WHAT THE TASK ASKS>
From the line that contains "Swimming pool in" through the closing line of the entries, write out each line exactly; pictures stay out.

(Records from a collection)
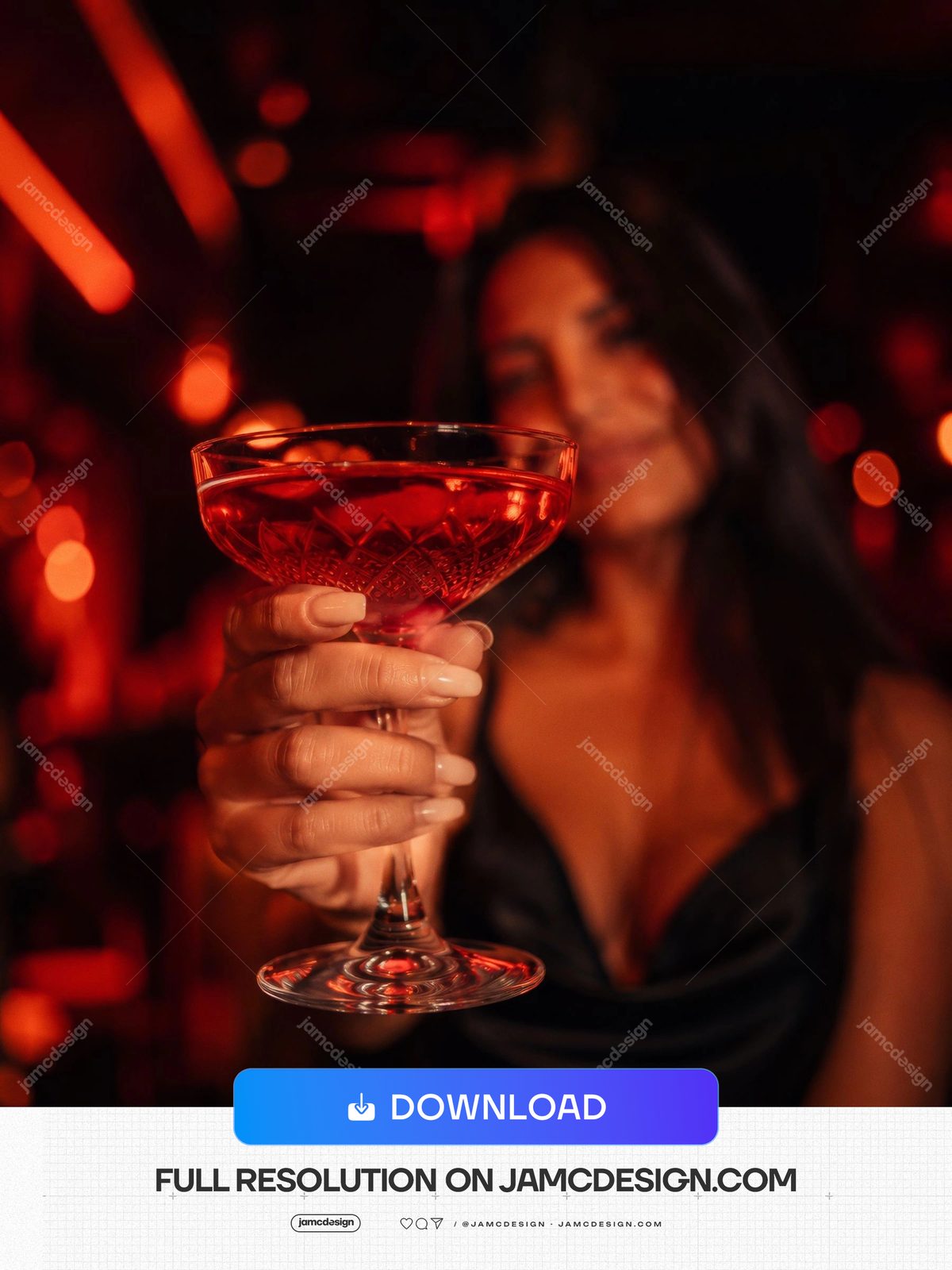 Coquetel Vermelho Em Taça Coupe Em Destaque Com Mulher Ao Fundo. Foto em JPG de um coquetel vermelho em taça coupe, segurado em primeiro plano — Prévia adicional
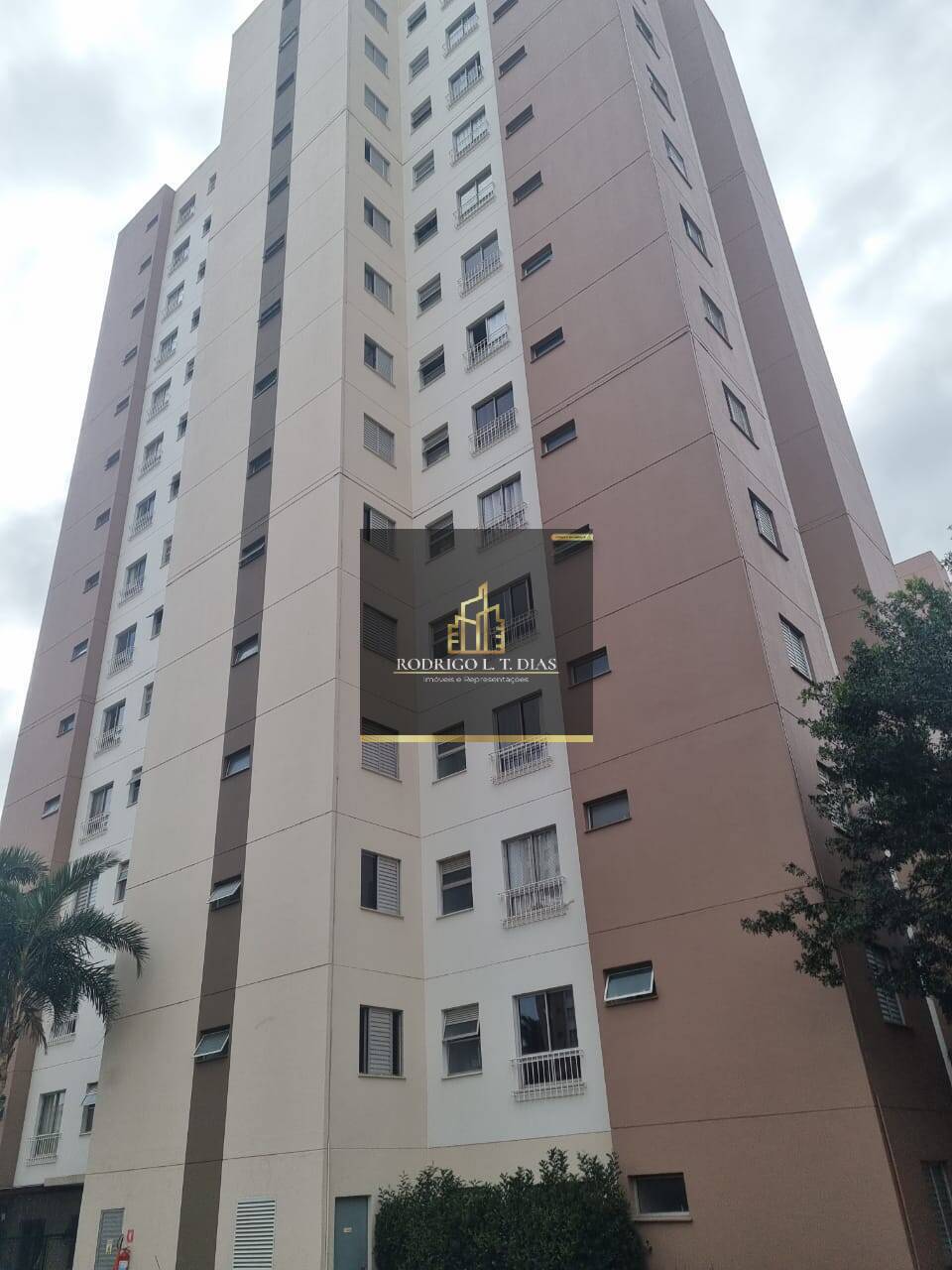 Apartamento para alugar com 2 quartos, 49m² - Foto 23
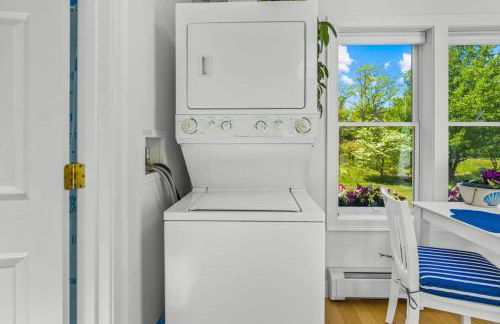 Bright and Cozy with Patio Grill and near the Beach and Golf - Photo 20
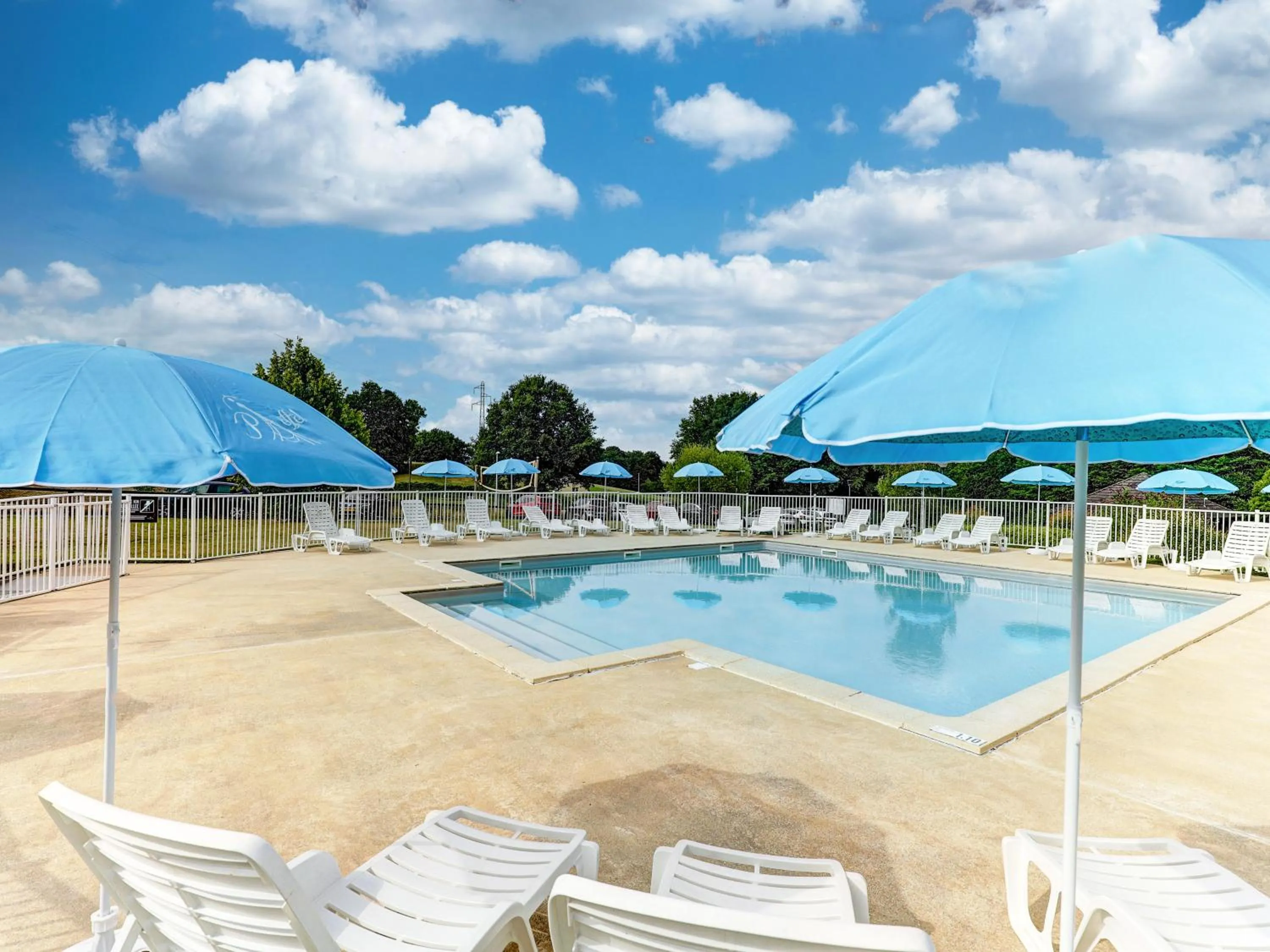 Swimming pool in Vacancéole - Residence le Domaine du Bosquet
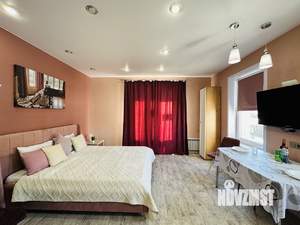 Студия квартира, посуточно, 40м2, 3/15 этаж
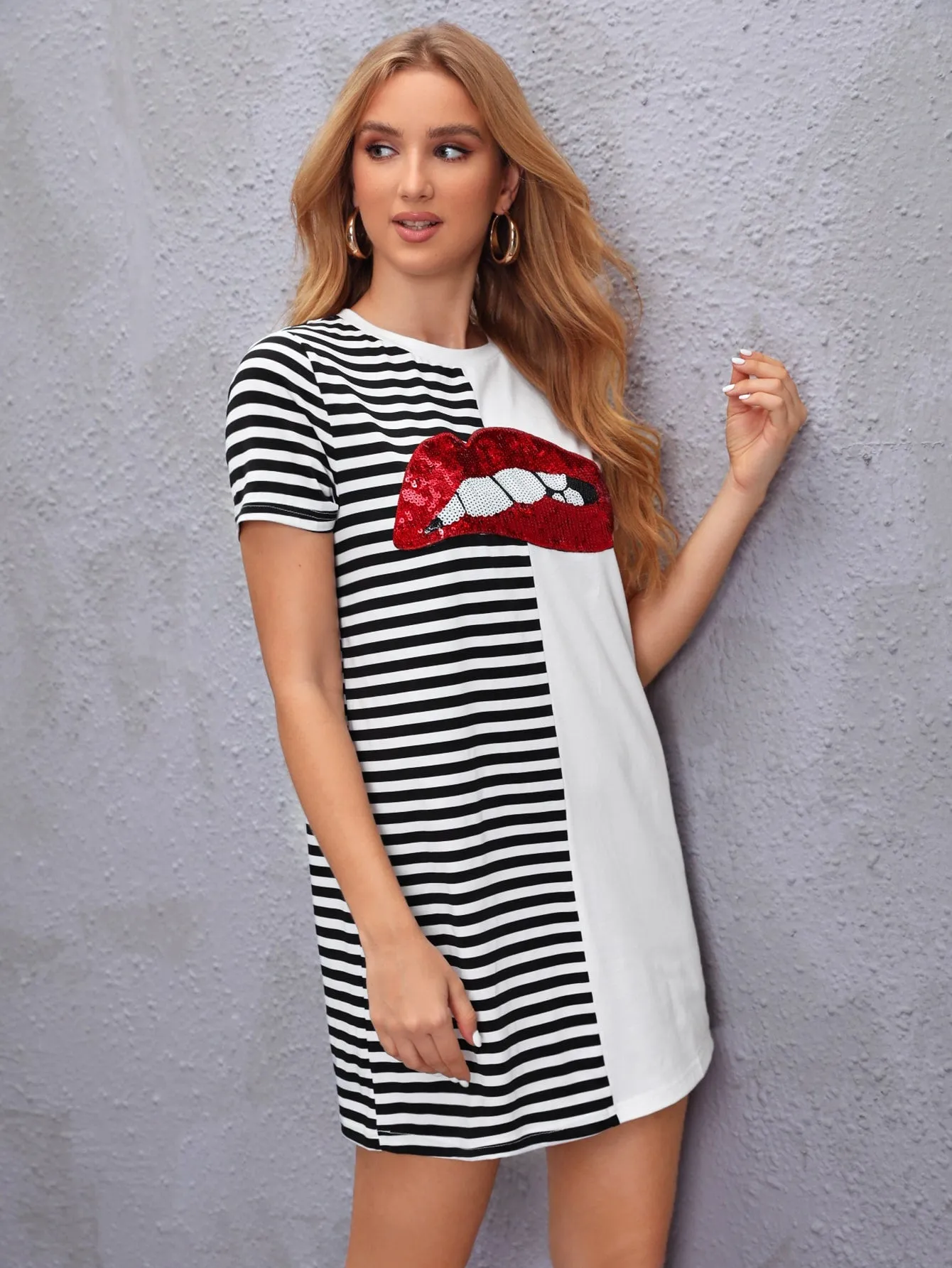 Figure Contrast Sequin Short Sleeve Round Neck Straight Natural Short Dress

WORKED SOLUTION>
 Swimming pool in Vacancéole - Residence le Domaine du Bosquet
 Студия квартира, посуточно, 40м2, 3/15 этаж
 Figure Contrast Sequin Short Sleeve Round Neck Straight Natural Short Dress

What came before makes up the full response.